The demonstrations will be the first test of opponents’ ability to turn widespread popular anger into pressure on the centre-right president, who is accused of obstructing a corruption investigation.

“Brazil takes to the streets this Sunday to say ‘Enough of this government!’” the trade unions association CUT said in a statement.

The main demonstrations are expected in the capital Brasilia and Sao Paulo. However, another series of protests announced by more centre-right groups have been called off.

Temer is fighting for his political life after the release on Wednesday of a secret recording in which he appears to be heard giving the green light to paying hush money to a jailed politician.

He opened a dramatic counter-attack on Saturday, claiming that the recording had been “manipulated and doctored”.

“I will continue to lead the government,” Temer said in a nationally televised speech, touting signs that Brazil is finally inching out of its worst recession in history.

Prosecutor General Rodrigo Janot accuses Temer of attempting to block a huge anti-corruption investigation known as “Car Wash.”
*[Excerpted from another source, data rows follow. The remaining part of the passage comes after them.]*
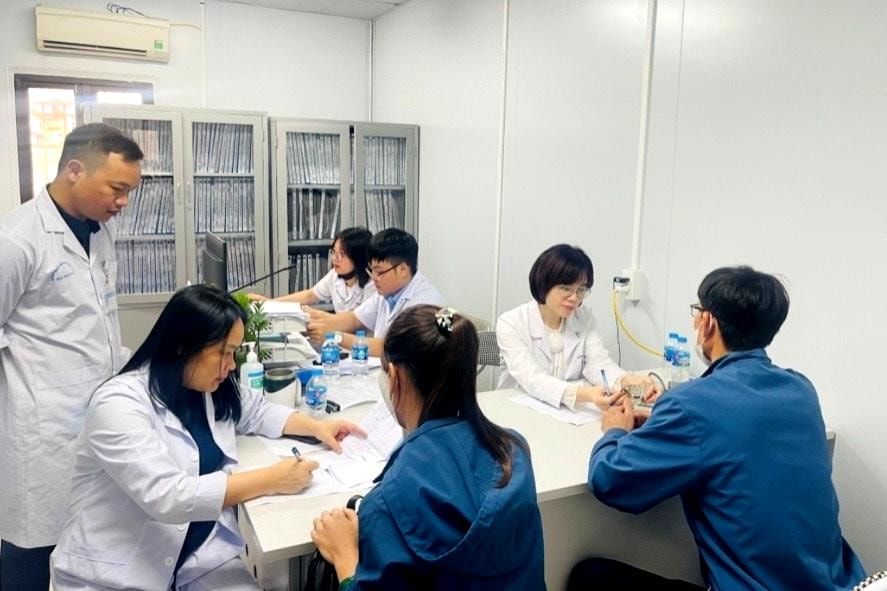 Nhiều người đi xét nghiệm ký sinh trùng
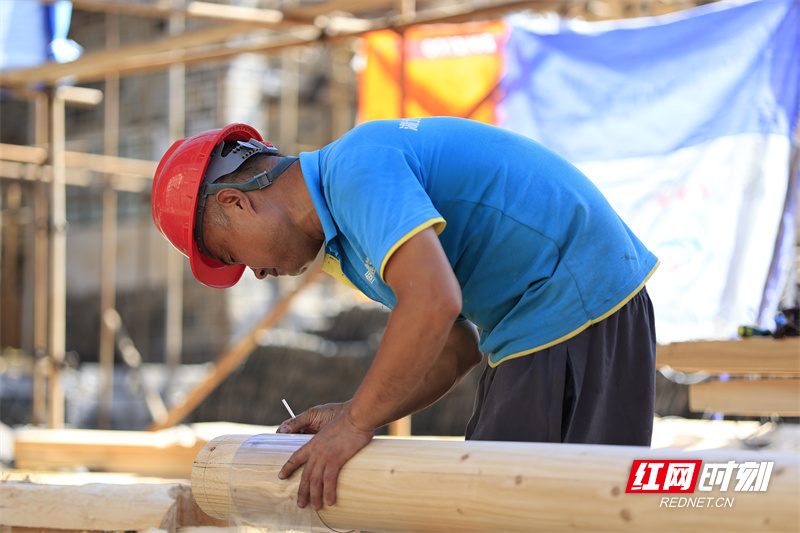 为了顺利推进工程,古建修复施工队负责人刘永耀带着工程队每天作业九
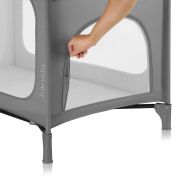 Patut pliant, Lionelo, Jasmin Easy Fold, Pana la 15 kg, Usor de pliat, Cu doua nivele, Cu saltea ergonomica T25, Cu intrare laterala cu fermoar, 2 roti cu frana, 120 x 60 cm, Conform cu EN 716, 0-36 luni, Gri BYNLO-JASMIN_EASY_FOLD_GREY_STONE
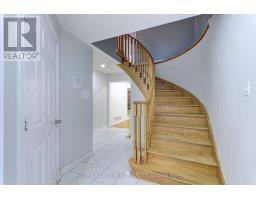 Bedroom 3 - 35 Wildberry Crescent, Brampton, ON L6R1K1 Photo 7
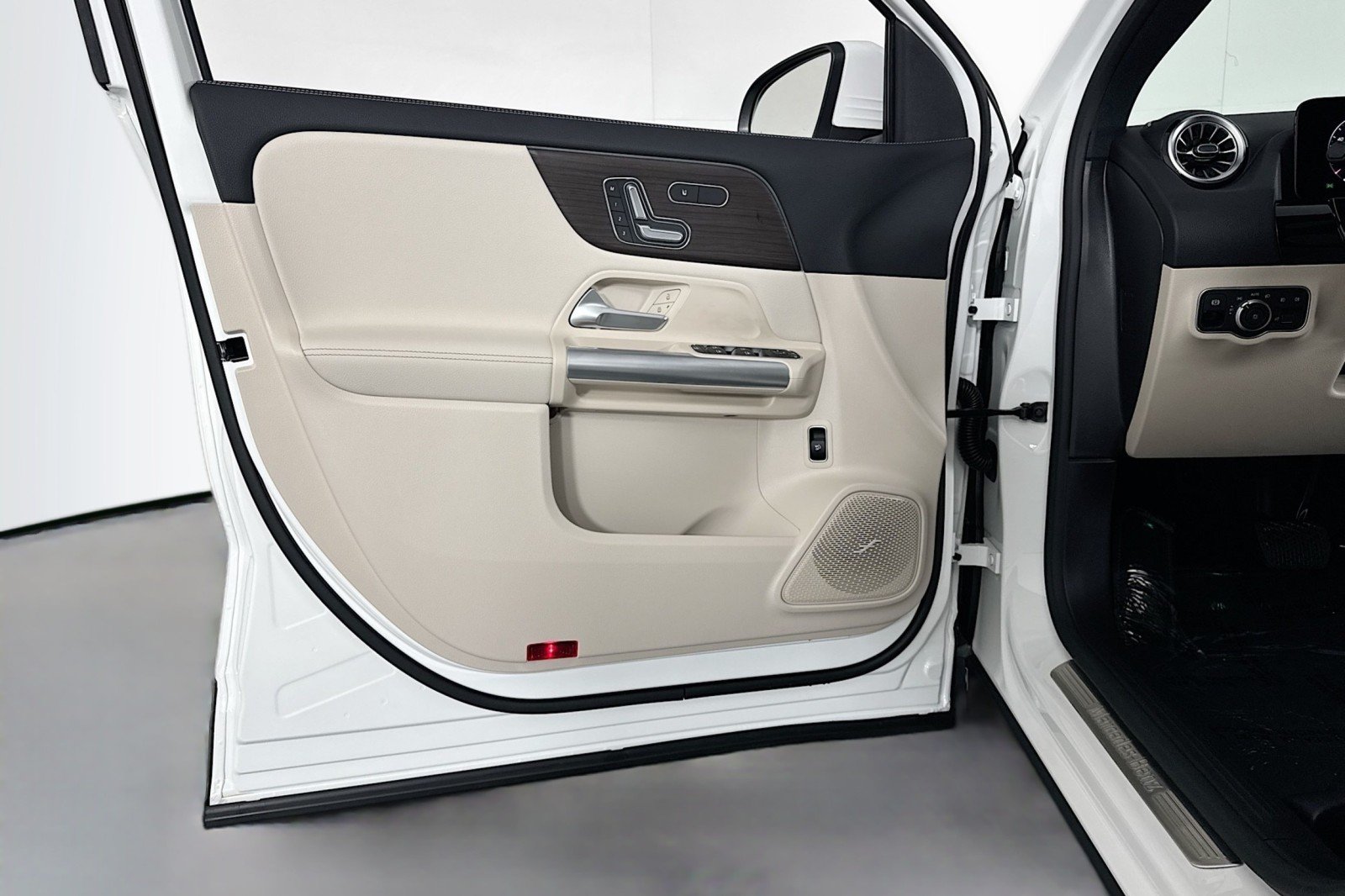 Certified Used 2026 Polar White Mercedes-Benz GLA 250 image 21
The probe has upended Brazil, indicting scores of politicians or subjecting them to probes into alleged bribe-taking and embezzlement. Temer is only the latest to be pulled into the maelstrom.
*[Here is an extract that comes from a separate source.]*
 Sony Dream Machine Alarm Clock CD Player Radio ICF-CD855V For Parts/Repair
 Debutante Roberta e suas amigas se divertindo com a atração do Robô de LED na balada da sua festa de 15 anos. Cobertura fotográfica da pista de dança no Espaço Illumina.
At the heart of his problems is the conversation he had with an executive from the JBS meat-packing business in which the president allegedly blesses monthly payments of hush money to the jailed former lower house speaker Eduardo Cunha.

He is in prison after a ‘Car Wash’ judge convicted him of bribe-taking, but the powerful insider has long been rumoured to be threatening to spill secrets on other politicians.

Hush money

Temer says he never paid hush money and says his conversation with the executive was misinterpreted, and that the recording itself has been distorted.

To combat demands for his impeachment, Temer must keep his ruling alliance together, centred on his own centre-right PMDB party and the PSDB social democrats.

So far, major parties appear to be sitting on the fence, showing little overt support but also not pulling out. A smaller party, the PSB, with one minister in the government, did quit Saturday.

The PSDB leadership is set to hold a meeting on Sunday at about 2000 GMT. A spokeswoman would not say whether a formal decision on the party’s future in the government is on the agenda.

In an ominous sign for Temer, the powerful Globo media group turned fully against him in an editorial Friday declaring he “has lost the moral, ethical, political and administrative conditions to continue governing.”

There was some good news for the president, however.

Sao Paulo Mayor Joao Doria — a rising PSDB star whom many see as a strong candidate for president in a scheduled 2018 election — appealed for calm, telling Folha newspaper that Temer’s austerity reforms must “survive.”

Temer’s crisis comes barely a year after he took over in controversial circumstances after the impeachment of leftist president Dilma Rousseff for illegally manipulating the government’s accounts.

If Temer were to step down, Congress would pick a replacement to rule until after the 2018 election. However, there is widespread demand among ordinary Brazilians on both the left and right for changing the law to allow a snap popular election.